Long story short: ping traffic between node A and B dies, when node B tries to ping back to node A.
I was under the impression the firewall appliance was to blame (we replaced it with a newer model and thus had to rebuild the config), but testing seems to rule that out.
Basic understanding of the situation:
NODE A ---------------- FW ---------------- NODE B | | NODE C -- -- NODE D
All nodes are Windows machines. B needs to connect to A.
Nodes A and C are in the same network, and so are nodes B and D.
FW is the firewall appliance.
Pings below are all done based on IP address, so the DNS isn't a part in this.
When I initiate a perpetual ping from A to B, responses come normally.
If I ping from B to A this also works as expected, but at the point of the first response being received by machine B, the ping from A to B dies (request timed out). Only after a while of no ping there's apparently some 'reset' somewhere, and the ping from A to B is possible again. During this time the ping from B to A remains working.
I've disabled the Windows firewalls on both A an B, to no change in behavior.
As a test I'm also trying to ping from A to D. This works normally, and when pinging from D to A no change in the ping from A to D happens. Either side can ping the other without any issue. So the problem does not seem to be on the side of A.
Node C is a laptop, which I've tried the same with... But any ping to A, B or D works, and does not timeout if I try the ping from A, B or D to C (which also work as expected).
In order to further troubleshoot this, I moved C from the left side to the right side of the firewall, and set it up with the same IP address as B. Disconnected B from the network, plugged in C, and redid the test. Ping from A to C and C to A remains in working order either way.
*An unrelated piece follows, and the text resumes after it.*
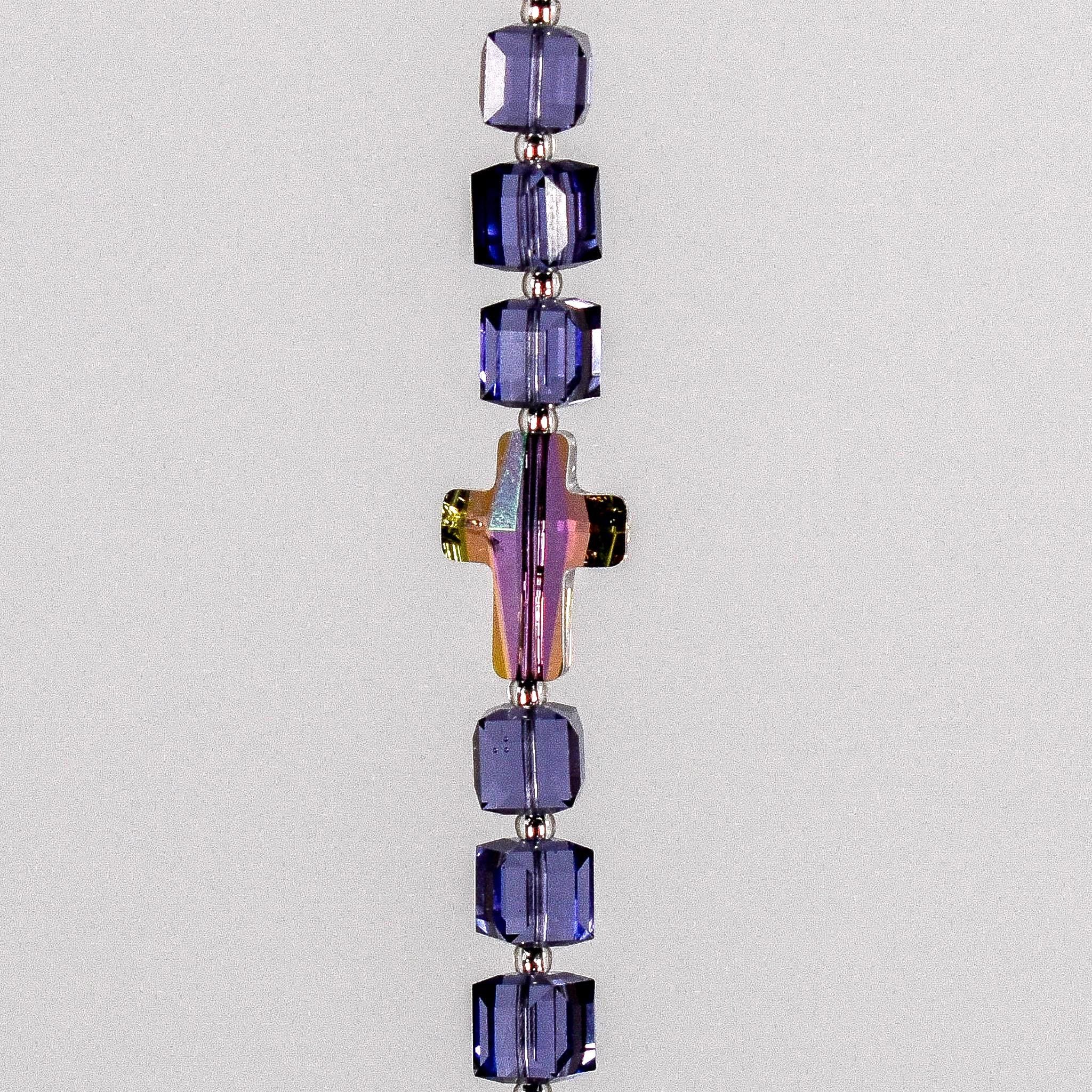 Small sun catcher with six purple crystal cube beads, a single crystal cross in paradise shine color, hanging vertically against white background.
So that kind of narrows it down to an issue on node B, seeing the firewall and rules remain the same for the communication.
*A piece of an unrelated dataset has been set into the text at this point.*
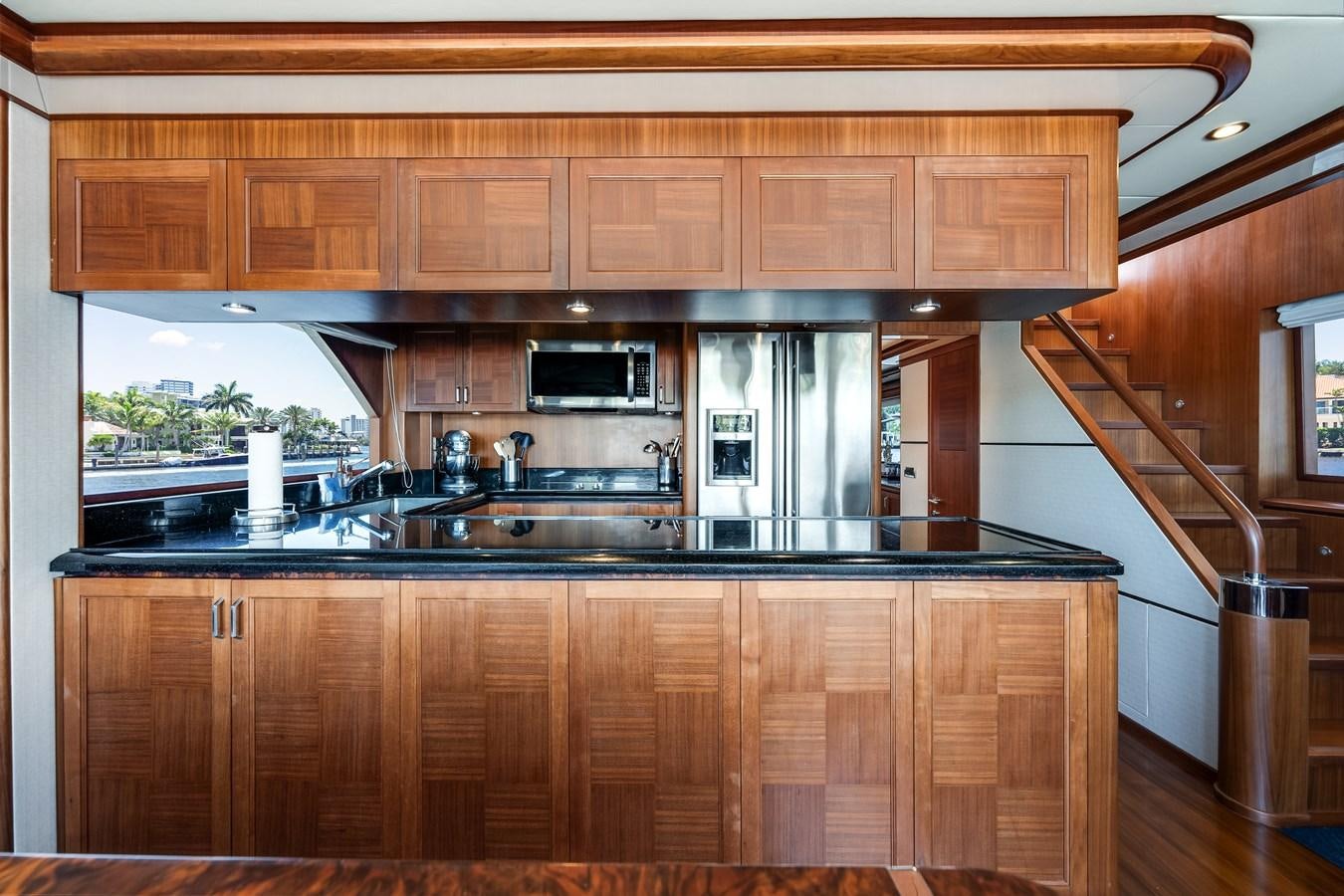 a kitchen with wooden cabinets aboard UNCORKED Yacht for Sale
If I add a secondary IP to node B, the problem remains with the primary IP address, but the secondary IP address remains working as expected. When I change the IP of node B the whole problem would probably go away, but this would infer a lot of reconfiguration in the backup with replica-partners and source servers and the like... So if possible I'd like to leave the IP as-is.
Something on node B with regards to the IP stack seems to go wrong, but I can't really see anything I might be able to do to further narrow down the cause. Does anyone have any ideas here on what I might try or check to resolve this issue?